Hay una etapa en la vida de un hombre cuando ésta lo llama a librar sus batallas, batallas para las que se ha venido preparando, batallas imprevistas, batallas que habrán de dibujar su perfil, batallas que marcarán su rastro en esta tierra. Entonces está rodeado de gente: amigos, enemigos, rivales, adulones, traidores, compañeros de ruta, leales, envidiosos. A esa etapa digamos expansiva suele seguirla otra en la que el hombre se retira del campo de batalla, se repliega, vuelve sobre sí, sea porque su brazo ya no tiene fuerzas para sostener la espada, sea porque las batallas que se le plantean ya no le interesan, sea porque está concentrado en una batalla íntima, consigo. Entonces se va quedando solo: quienes antes no le respetaban un momento de quietud, ni le concedían una pausa, van desapareciendo, siguiendo su camino, sus propios combates, esfumándose también de la memoria. El tiempo es la zaranda que ocasionalmente descubre entre la arena la dorada pepita de la amistad sin palabras.

La historia se ha ocupado con minuciosidad del San Martín de las batallas, de ese tramo épico de su vida que consagró a demoler el poderío de España en Sudamérica y que concluyó abrupta y misteriosamente en Guayaquil. Menos atención ha merecido el San Martín posterior, el que se niega a participar en las contiendas mezquinas, fraticidas, que le proponen en Buenos Aires, el que se aleja rumbo al exilio, rumiando vaya uno a saber qué desengaños, lidiando con sus propios recuerdos, su conciencia. El que se va quedando solo.
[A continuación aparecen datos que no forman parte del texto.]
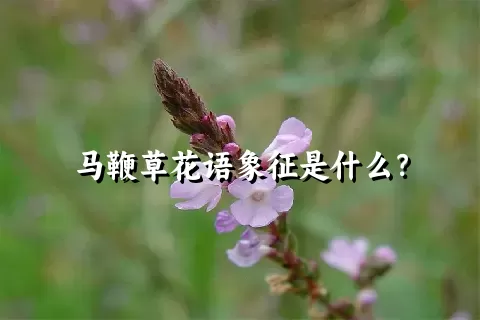 马鞭草花语象征是什么？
Hojeando libros viejos de mi biblioteca, encontré un soneto de Enrique Larreta que captura un instante de la vida del Libertador en la casona prestada de Grand Bourg, oportuno refugio contra la furia desatada por los comuneros de París. Los versos van atrapando en su tejido las angustias del anciano, las comprobaciones que con dolorosa perplejidad y sobrecogedora economía resume la singular palabra del remate.

Lo transcribo, incluyendo la pequeña glosa con que Larreta lo precedió en su libro:

«Otro recuerdo de Francia, alrededores de París, riberas del Sena, “Le Grand Bourg”. Yo imagino aquí a San Martín esperando la visita de don Alejandro Aguado (Marqués de las Marismas del Guadalquivir), en la casa de campo que aquel amigo, aquel español, acaba de ofrecerle como refugio. Acompaña al gran soldado, como de costumbre, su hija Mercedes, la cual se retira un momento, para reaparecer poco después, así que la visita se despide.

¡Señor, señor de Aguado!

Mustio paisaje. Bruma crepuscular del Sena.
La casa entre los árboles como un sueño velado.
Mira caer las hojas en el jardín mojado
el triste forastero. Con su frente morena

busca el hielo del vidrio. Confortada, serena,
por fin, el alma dice: “Señor, señor de Aguado,
muy a tiempo llegásteis. Señor, me habéis salvado
de morir como un can sin ventura.” Ya suena

la campana de borla colorada. Concurre
puntual el buen Marqués. Un faldellín se escurre.
Y cuando la visita se va, la compañera,

la idolatrada voz estremece la entraña
del anciano. Pregúntale: “¿Por qué lloras? ¿Quién era?”
Él, bajando los ojos, sólo responde: “¡España!”»

Enrique Larreta: La calle de la vida y de la muerte, Soneto XXVII.